With the partition UUIDs and labels identified, /etc/fstab can be edited to add relevant mounts:

FILE /mnt/gentoo/etc/fstab

# <fs>                                          <mountpoint>    <type>          <opts>          <dump/pass>
UUID=BDF2-0139                                  /boot           vfat            noauto,noatime  1 2
LABEL=rootfs                                    /               btrfs           defaults        0 1

Note
Because the subvolumes are created where they would be mounted, they do not need fstab entries.

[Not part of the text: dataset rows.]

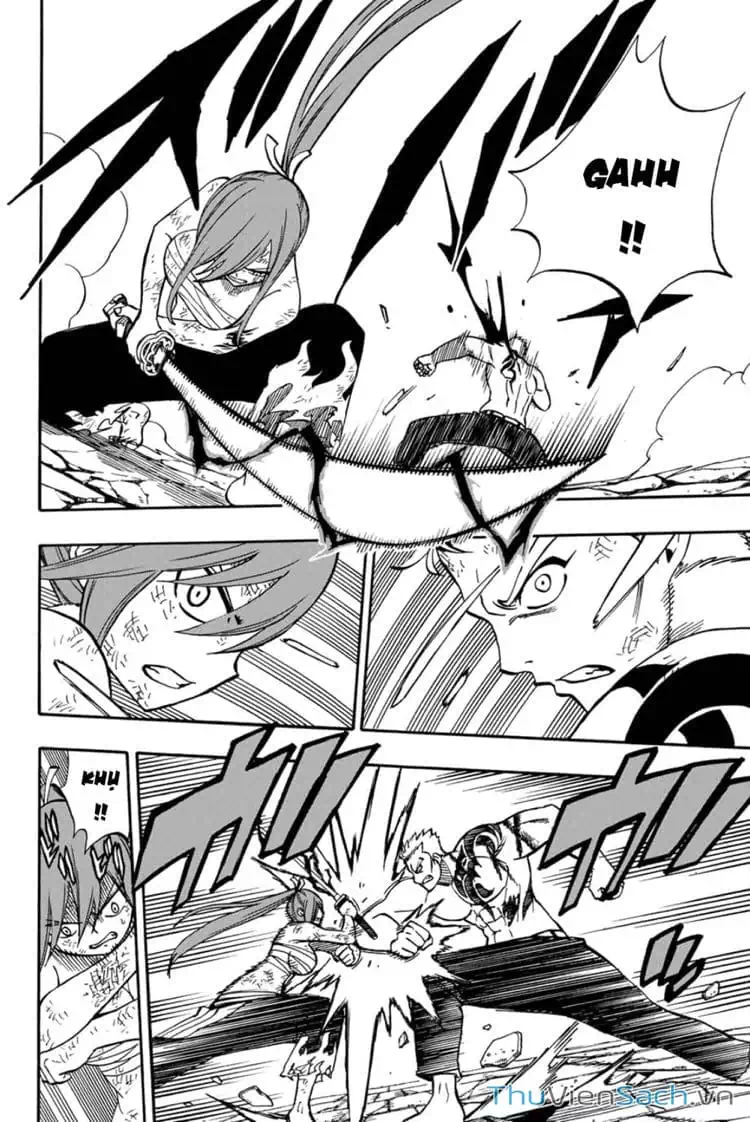 Truyện Tranh Fairy Tail - Hội Pháp Sư Nhiệm Vụ Trăm Năm trang 2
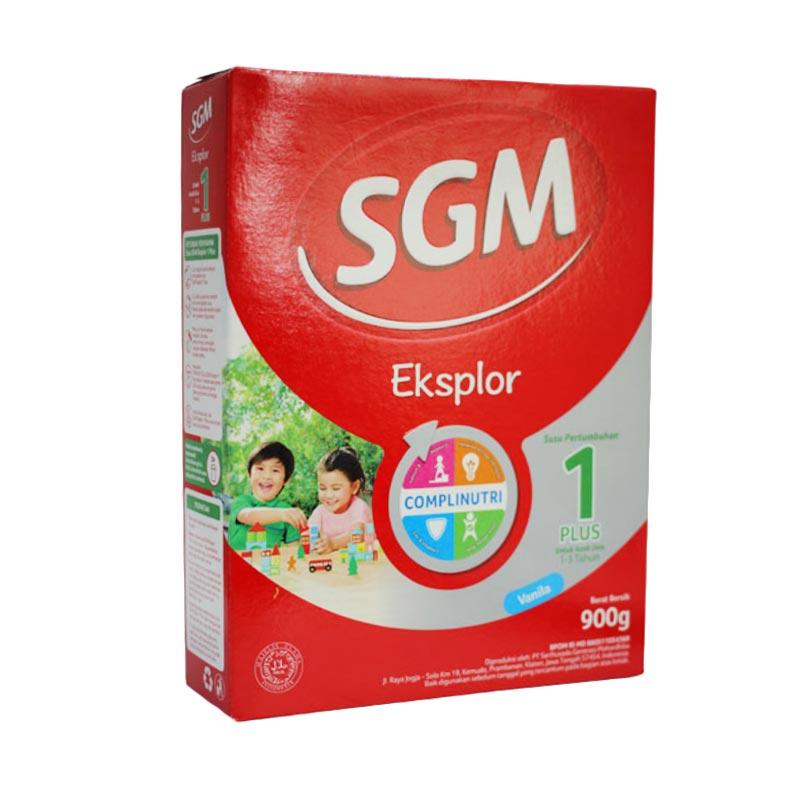 Jual Sari Husada SGM Eksplor 1+ Susu Formula - Vanila [900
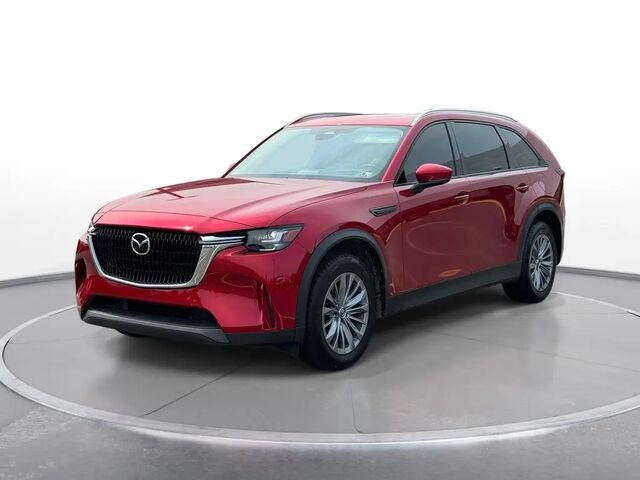 2024 Mazda CX-90 3.3 Turbo Preferred Plus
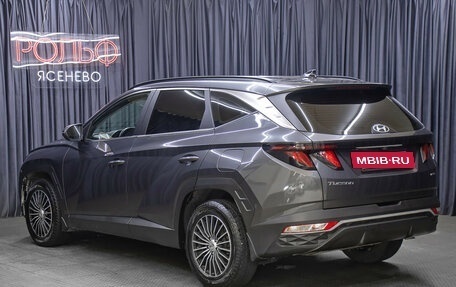 Hyundai Tucson, 2021 год, 2 998 000 рублей, 7 фотография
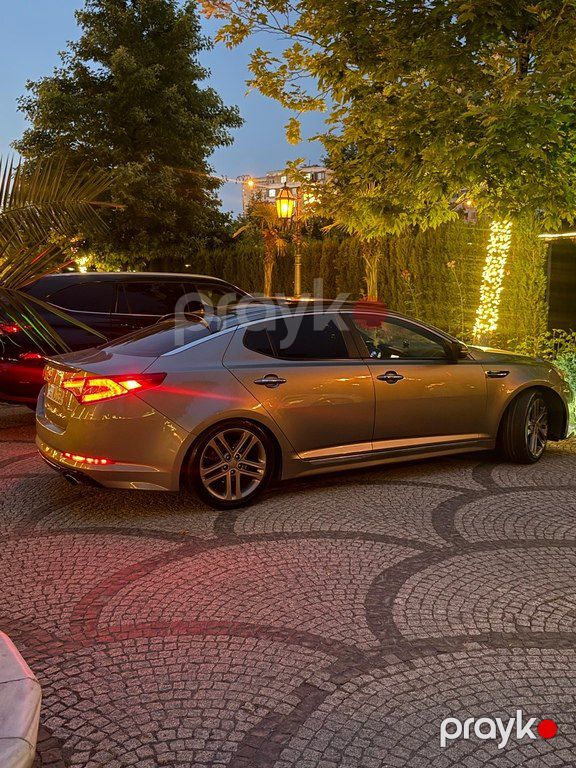 Kia Optima, 2.0 L, 2013 il, 176 826 km — Avtomobillər, Bakı (5)
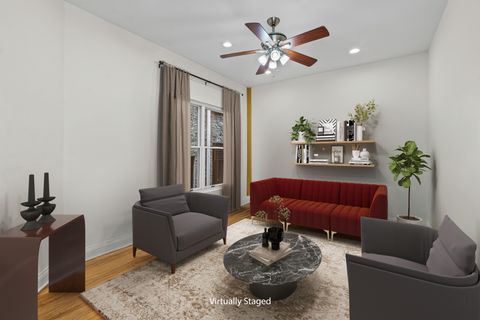 Tiny photo for 2134 N Winchester Avenue #B, Chicago, IL 60614 (MLS # 12507559)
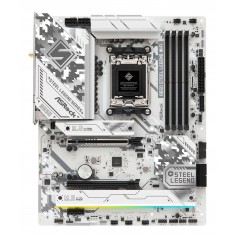Placa de baza ASRock B650 Steel Legend WiFi 90-MXBN90-A0UAYZ 2
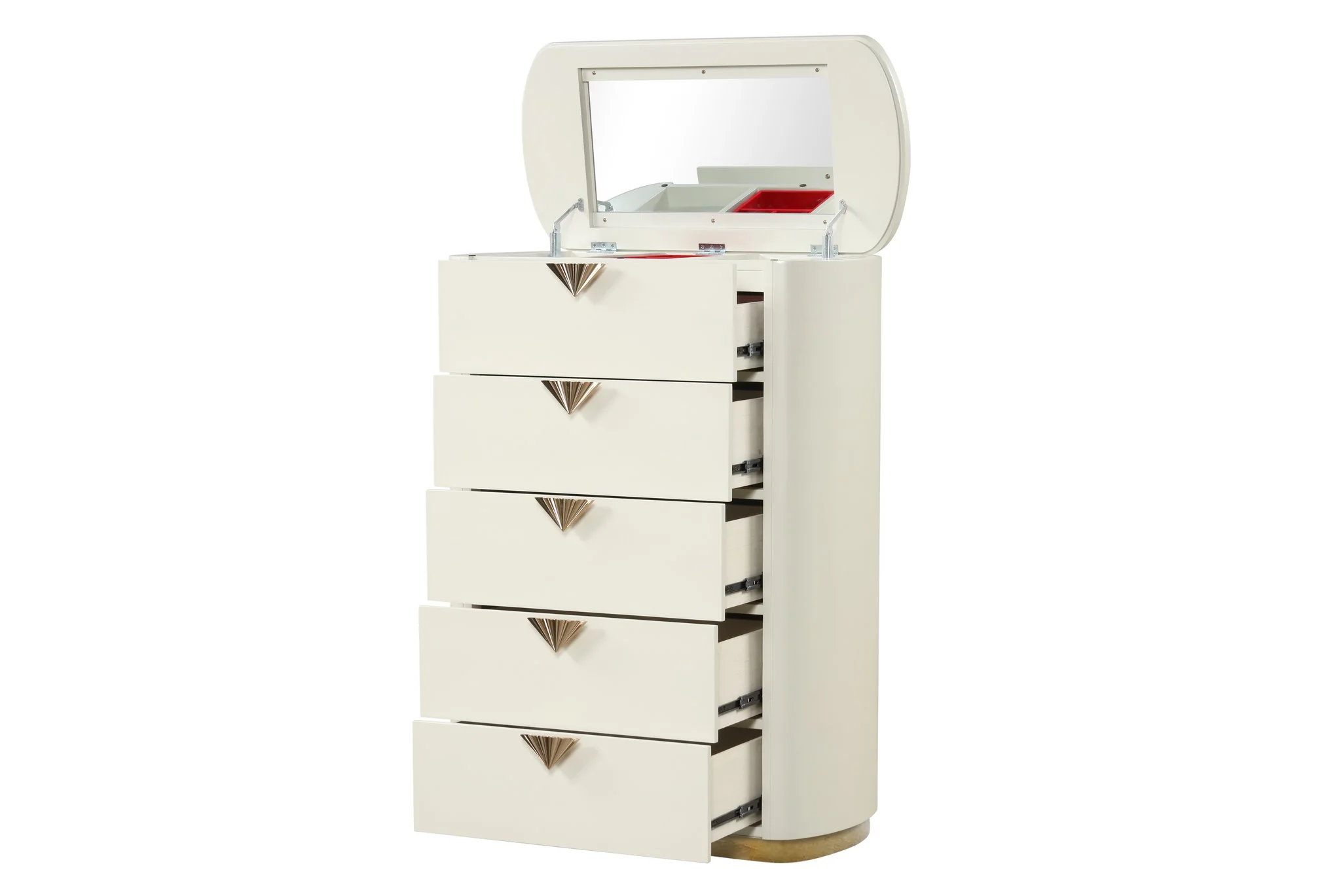 La Pierre Queen 5PC Bedroom Set - Image 17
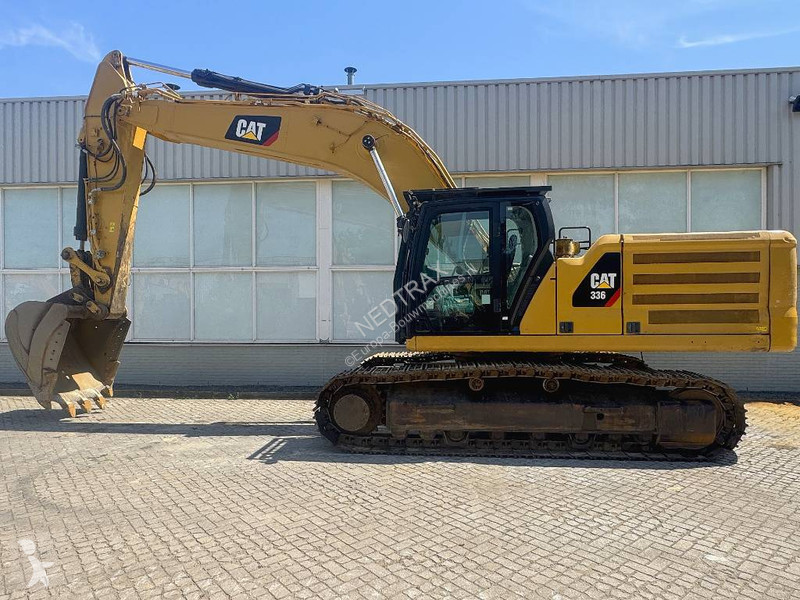 Rýpadlo Caterpillar 2018 Ce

Finalizing the Gentoo install

Important
The general install guide should apply. A few considerations must be made, the initial RAM filesystem must be built with support for decrypting the root partition, and the kernel commandline must be configured to pass parameters to the initamfs if required.

At this point, the Gentoo install can be continued normally: Installing a stage tarball

Additional information

SSD tricks

Warning
Using SSDs and also hybrid drives sacrifices some cryptographic security for speed-improvement and lower power consumption. See FAQs of cryptsetup for the details. Plan with drive's degradation and loss of space over time. With or without trim physical destruction of the drive is necessary. There are no guarantees that overwriting really changes bits in the drive's memory chips. This is not a problem of cryptsetup, LUKS or the kernel but caused by the firmware/ hardware/ vendor- and model-specific algorithms.

SSD trim allows an operating system to inform a solid-state drive (SSD) which blocks of data are no longer considered in use and can be wiped internally. Because low-level operation of SSDs differs significantly from hard drives, the typical way in which operating systems handle operations like deletes and formats resulted in unanticipated progressive performance degradation of write operations on SSDs. Trimming enables the SSD to more efficiently handle garbage collection, which would otherwise slow future write operations to the involved blocks. To enable SSD trim of encrypted root filesystem on LVM, edit the /etc/default/grub file if using genkernel:

FILE /etc/default/grub

GRUB_CMDLINE_LINUX="...root_trim=yes"

If using dracut to generate the intiramfs the use:

FILE /etc/default/grub

GRUB_CMDLINE_LINUX="...rd.luks.allow-discards"

If using systemd-based initramfs the use:

FILE /etc/default/grub

GRUB_CMDLINE_LINUX="...rd.luks.options=discard"

This will notify the kernel to enable trim on roots.

Edit the /etc/lvm/lvm.conf configuration file:

FILE /etc/lvm/lvm.conf

issue_discards = 1

This will notify LVM layer to enable SSD trim.

When using SSDs and UEFI-boot the boot sequence might be too fast. When entering the correct passphrase, the kernel will complain about missing modules or no root device. Try to add rootdelay=3 to GRUB_CMDLINE_LINUX_DEFAULT in /etc/default/grub, or directly append it in edit mode of the GRUB menu when booting.